# Wanted to say Hello to all



## Danzan (Apr 26, 2010)

Hello,
I'm from the west coast and wanted to say hello, and that it's a pleasure to read that everyone here from my first experience is keeping it real. I enjoy any topic on Jujitsu, Judo, MMA  or Dimm Mak.


----------



## Malleus (Apr 26, 2010)

Nice to meet you, welcome on board.

Dimm Mak is something I've come across in my e-travels, and it interests me. Bit of a skeptic though.
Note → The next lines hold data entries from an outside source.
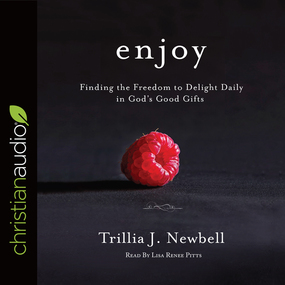 Enjoy: Finding the Freedom to Delight Daily in God's Good Gifts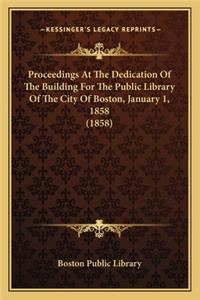 Proceedings At The Dedication Of The Building For The Public Library Of The City Of Boston, January 1, 1858 (1858)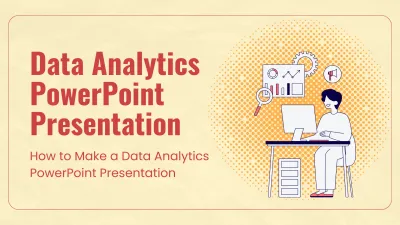 How to Make a Data Analytics PowerPoint Presentation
Anyway, looking forward to seeing you around the boards!


----------



## morph4me (Apr 26, 2010)

Hello, welcome to MT


----------



## grydth (Apr 26, 2010)

Welcome! Hope to read more from you...


----------



## seasoned (Apr 26, 2010)

Welcome to Martial Talk, we hope you enjoy you time here.


----------



## MJS (Apr 26, 2010)

Welcome to the forum! 

Mike


----------



## stickarts (Apr 26, 2010)

welcome!


----------



## Drac (Apr 27, 2010)

Greetings and Welcome to MT...You found a Dim Mak Sifu??? Excellent...


----------



## OnlyAnEgg (May 13, 2010)

Welcome to MArtial Talk!


----------



## MBuzzy (May 13, 2010)

Welcome to MT have a great time here!


----------



## Jade Tigress (May 13, 2010)

Welcome to Martial Talk! Happy Postiing! :asian:


----------



## Mark Jordan (May 19, 2010)

You've come to the right place Danzan!  Just continue joining the forum and you'll surely learn a lot from here.


----------



## SahBumNimRush (May 19, 2010)

Welcome to MT!


----------



## bluekey88 (May 19, 2010)

Welcome!


----------



## sfs982000 (May 19, 2010)

Welcome aboard.  You'll pick up a lot of good advice here.


----------



## 72ronin (May 20, 2010)

Welcome to MT


----------